Kripo in Sorge: Frauen betäubt und vergewaltigt

Bad Reichenhall - Eine neue Droge beunruhigt die Menschen in Bad Reichenhall. Unter dem Einfluss der Chemikalie „GBL“ wurde ein Mädchen vermutlich vergewaltigt, ein anderes lag zwischenzeitlich im Koma.

Große Sorgen bereiten der Kripo Traunstein mehrere Vorfälle in Bad Reichenhall, bei denen offensichtlich die Industriechemikalie GBL verwendet wurde. Zweimal wurden junge Frauen durch den Konsum dieses Produktes in einen teilweise lebensbedrohlichen Koma-Zustand versetzt. Die Beamten warnen  nun eindringlich vor dem Trinken dieser gefährlichen Chemikalie.   

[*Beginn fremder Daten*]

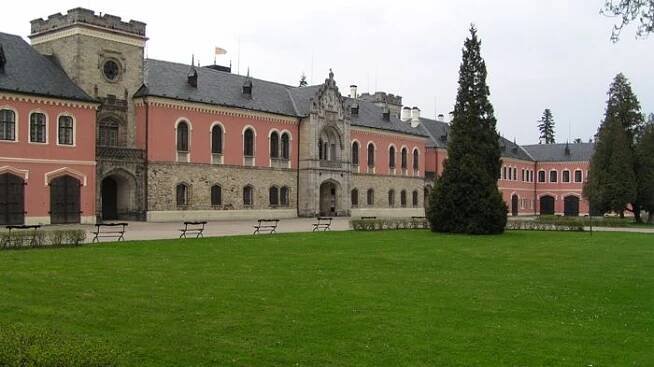 Při skotských hrách na zámku Sychrov budou létat kladiva, kameny i klády - Novinky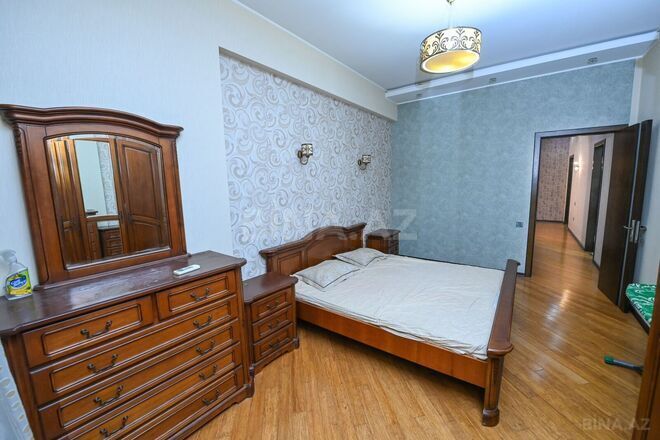 Продаётся 2-комн. новостройка 92 м², м. Элмляр Академиясы, photo 5 from 10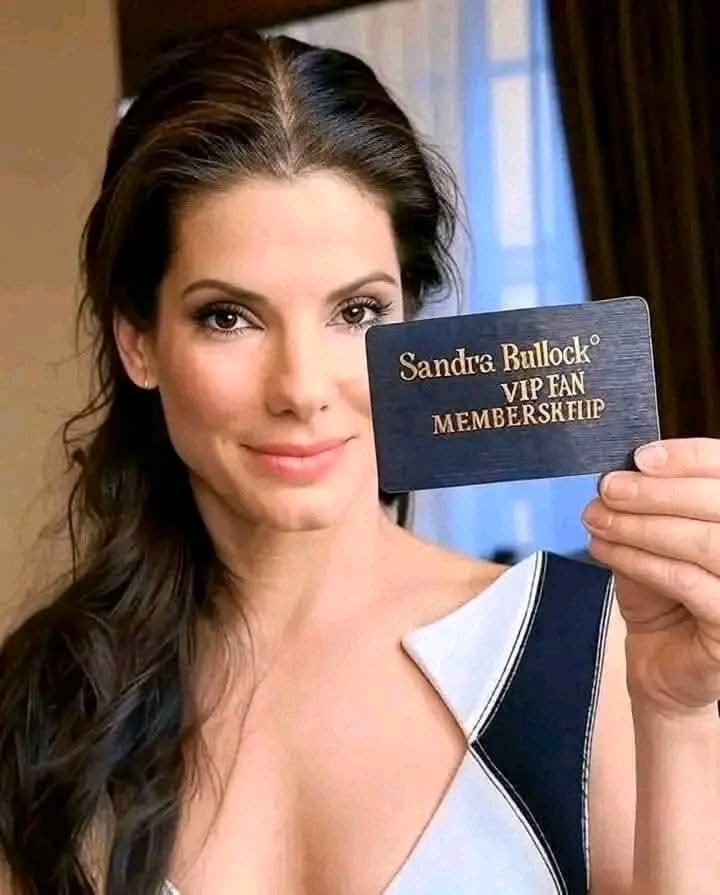 s01andrabullock's tweet photo. Hey darling my vip card is available now 😘❤️😍👌#sandrabullock https://t.co/XMTOl0hUvw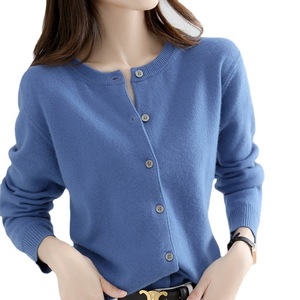 Cardigan tricoté pour femmes col rond manteau court élégant couleur unie - Product Image 6
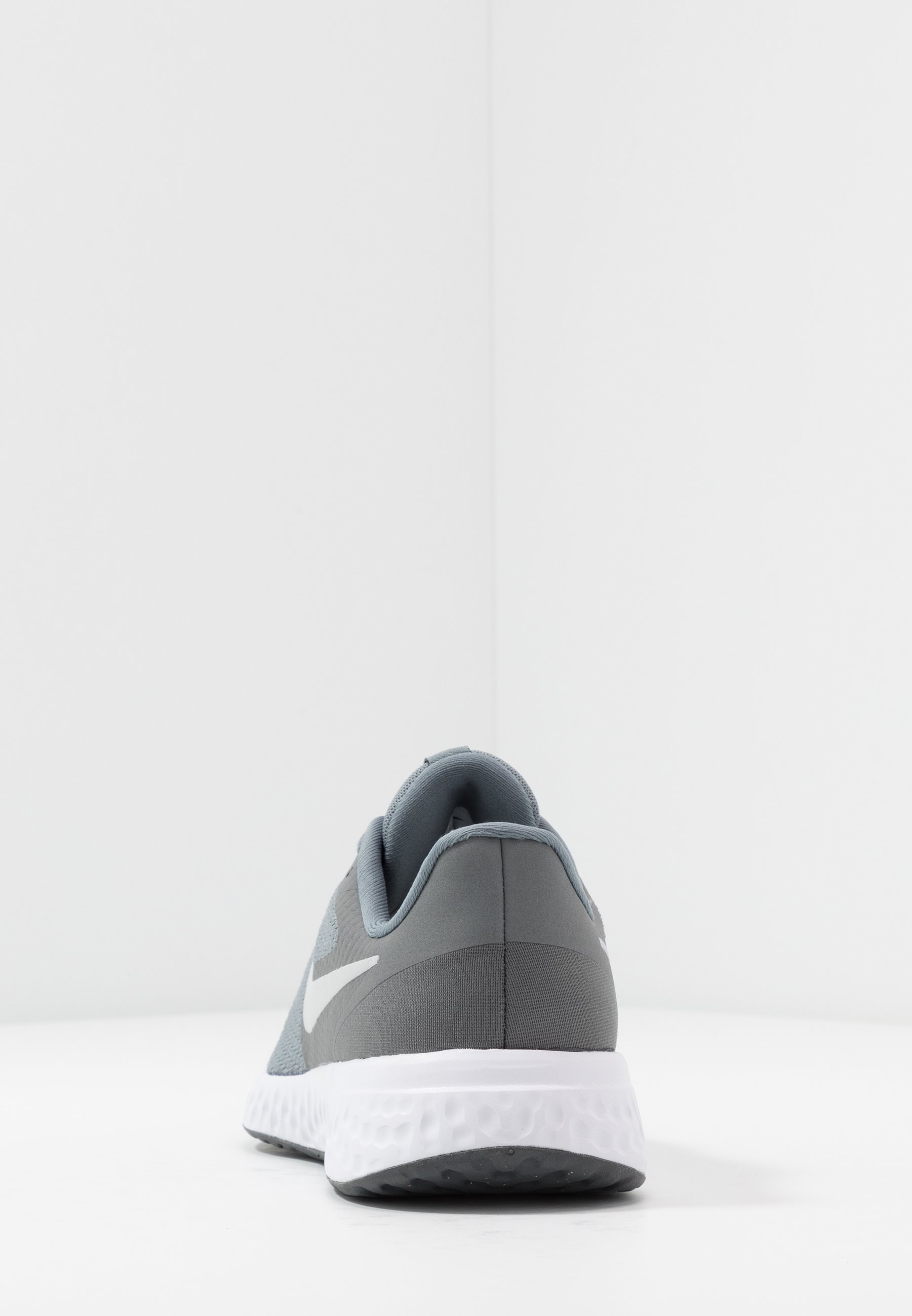 Nike Performance REVOLUTION 5 UNISEX - Neutral running shoes - cool  grey/pure platinum/dark grey/grey - Zalando.co.uk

Bei „GBL“ handelt es sich um eine Industriechemikalie namens Gamma-Butyrolacton, das als Lösungs- oder Reinigungsmittel gehandelt wird. Die Abgabe und der Verkauf von GBL wird bei missbräuchlicher Nutzung als Droge strafrechtlich verfolgt. Es wird auch als sogenannte „KO-Tropfen“ verwendet. Der menschliche Körper kann diese Substanz in „GHB“ umwandeln, das besser als „Liquid Ecstasy“ bekannt ist.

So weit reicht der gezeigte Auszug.